John Walker & Sons acquired Cardhu distillery on Speyside in 1893, and the firm became part of the Distillers Company (DCL) in 1925, with DCL being acquired by Guinness during 1986. Guinness subsequently merged with Grand Metropolitan to form Diageo in 1997.
During the mid-1950s Johnnie Walker took its place as the world’s best-selling whisky, a position it has occupied ever since thanks in part to major investments in marketing. These have included the £100 million ‘Keep Walking’ campaign.

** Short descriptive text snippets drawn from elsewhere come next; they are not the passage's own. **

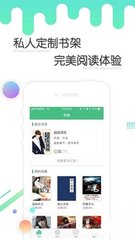 爱游戏app手机版官网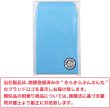 画像7: ミニ封筒 名刺サイズ 縦型 無地 糊付き 15枚入り ブルー 青 カラー 封筒 小型 メッセージカード入れ ポチ袋 お年玉袋 きらきらぷんぷん丸 HUT-008 (7)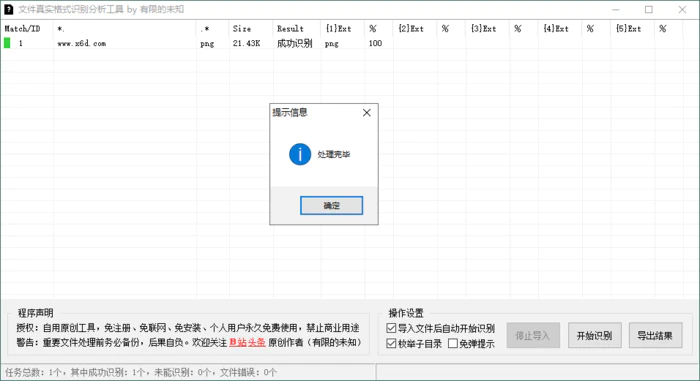 文件真实格式识别分析工具v1.0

Blue Label was added to the Johnnie Walker line-up in 1992, with Blue Label King George V being introduced in 2008. Double Black was released in 2011, followed a year later by the Gold Label Reserve and Platinum Label variants. Having been absent from UK outlets since 1977, Red Label made a return to its home market in 1983, and was relaunched in 2013.
Johnnie Walker had retained a link to its ‘home’ town by being bottled in Kilmarnock, but Walker’s bottling plant there closed in 2012, with production switched to Diageo’s bottling facilities at Leven in Fife and Shieldhall in Glasgow.
In September 2015 Diageo unveiled Johnnie Walker’s biggest global marketing campaign to-date. Named ‘Joy Will Take You Further’, the campaign is based on months of commissioned research into consumer behaviour and builds upon the brand’s long-running ‘Keep Walking’ message.